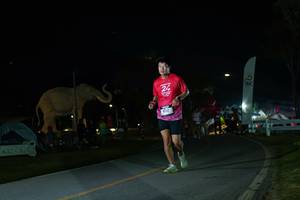 BIB: 
                            <button type="button" onclick="openModal(26172498)" class="btn btn-primary btn-sm float-right btn-popup" data-toggle="modal" data-target=".modal-high-quality">
                        <i class="fas fa-shopping-cart"></i> Add to Cart
                    </button>
                                            <button type="button" onclick="isThisMe(26172498, true)" class="btn btn-success btn-sm float-right btn-popup btn-isme hidden" data-toggle="tooltip" data-placement="bottom" title="นี่คือรูปของคุณใช่ไหม คลิกที่นี่เพื่อเอาเข้าอัลบั้ม">
                        <i class="fas fa-plus"></i> Add to album
                    </button>
                    <button type="button" onclick="isThisMe(26172498, false)" class="btn btn-warning btn-sm float-right btn-popup btn-isnotme hidden">
                        <i class="fas fa-ban"></i> Remove from album
                    </button>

[THE PROBLEM] Pull every line containing "onclick" from the data.

[OUTPUT FOR THIS TASK]
                            <button type="button" onclick="openModal(26172498)" class="btn btn-primary btn-sm float-right btn-popup" data-toggle="modal" data-target=".modal-high-quality">
                                            <button type="button" onclick="isThisMe(26172498, true)" class="btn btn-success btn-sm float-right btn-popup btn-isme hidden" data-toggle="tooltip" data-placement="bottom" title="นี่คือรูปของคุณใช่ไหม คลิกที่นี่เพื่อเอาเข้าอัลบั้ม">
                    <button type="button" onclick="isThisMe(26172498, false)" class="btn btn-warning btn-sm float-right btn-popup btn-isnotme hidden">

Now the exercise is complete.